Angola’s transport ministry has chosen a consortium led by Singaporean commodity trader Trafigura and Portuguese contractor Mota-Engil to build a railway to the Democratic Republic of Congo (DRC) in return for a 30-year concession.
The bid was chosen over a rival offer from Chinese conglomerate CITIC and the China Railway 20 Bureau Group.
The aim of the project is to connect the mineral wealth of the DRC with the Angolan port of Lobito, about 500km south of Luanda, Angola’s capital.
Trafigura and Mota-Engil each own a 49.5% share in the concession, which could be extended by 20 years if they decide to build a branch line to Zambia. A Belgian rail developer called Vecturis, which has a long track-record of international projects, will have the remaining 1%.
A press release from the ministry said the terms of the $100m concession would allow the Angolan state to collect more than $2bn in revenue over its lifetime.

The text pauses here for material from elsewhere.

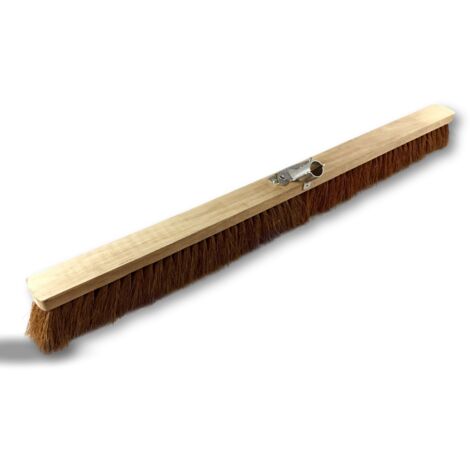 BALAI COCO 80 CM DOUILLE METAL – Vivanahygiene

It added that the consortium would invest $256m in infrastructure and $73m in rolling stock.
It added that the corridor had a total length of 1,870km, of which 1,340km were in Angola.
Trafigura said in a press statement that the consortium was grateful for the transparent public tender process that the ministry’s Commission of Evaluation ran, which “recognised the significant strengths and experience that the consortium brings to the concession”. It said the Lobito Corridor could become the third most important logistical route in the Southern African Development Community region by 2050.

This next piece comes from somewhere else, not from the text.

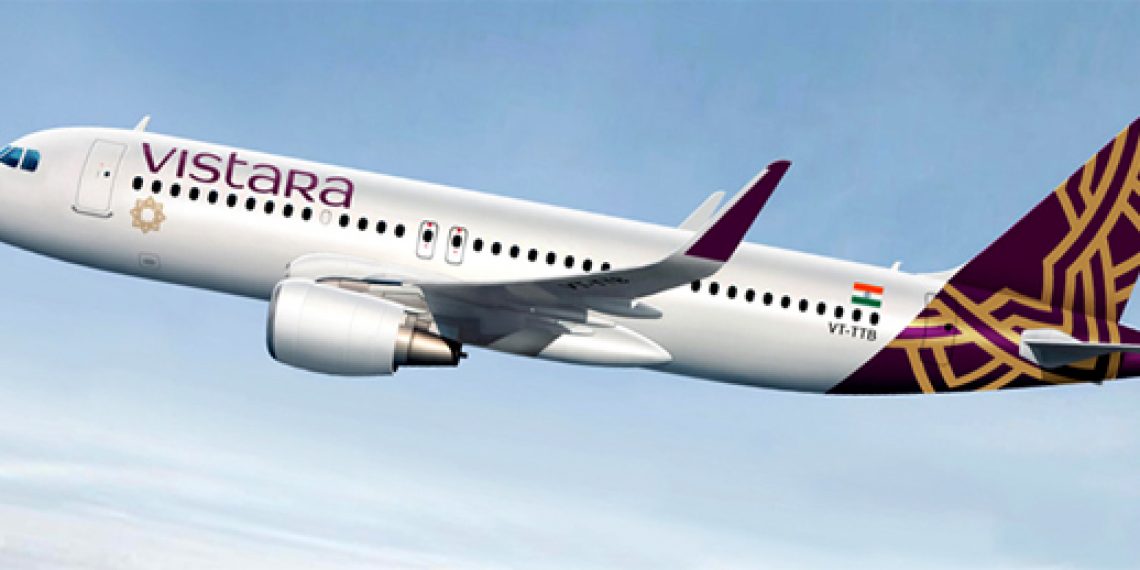 Vistara carries 50 million passengers in eight years of its operations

The consortium will be responsible for the operation, management and maintenance of the rail link, which will transport minerals, liquids and gas to Lobito from the Angolan town of Luau, which is close to the border with the DRC.

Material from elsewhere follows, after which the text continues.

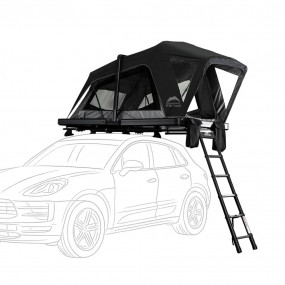 Pachet Wild Land Summit Explorer 140 – Cort auto, anexă și bare transversale incluse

Currently copper, cobalt and other minerals are exported from the DRC east via Dar es Salaam in Tanzania, Beira in Mozambique, or south to Durban in South Africa, a journey that takes several weeks or more.
Trafigura notes that as export volumes have increased to meet the demand for minerals needed for the energy transition – cobalt is needed for lithium-ion batteries – roads out of the DRC have become more congested and delays at the border more protracted. A rail route would remove trucks from the roads and offer “considerable cost and time savings for miners in the Copperbelt”.
The Lobito Corridor tender was launched in September, following the expenditure of some $2bn by the Angolan government to rehabilitate and modernise the corridor’s existing infrastructure.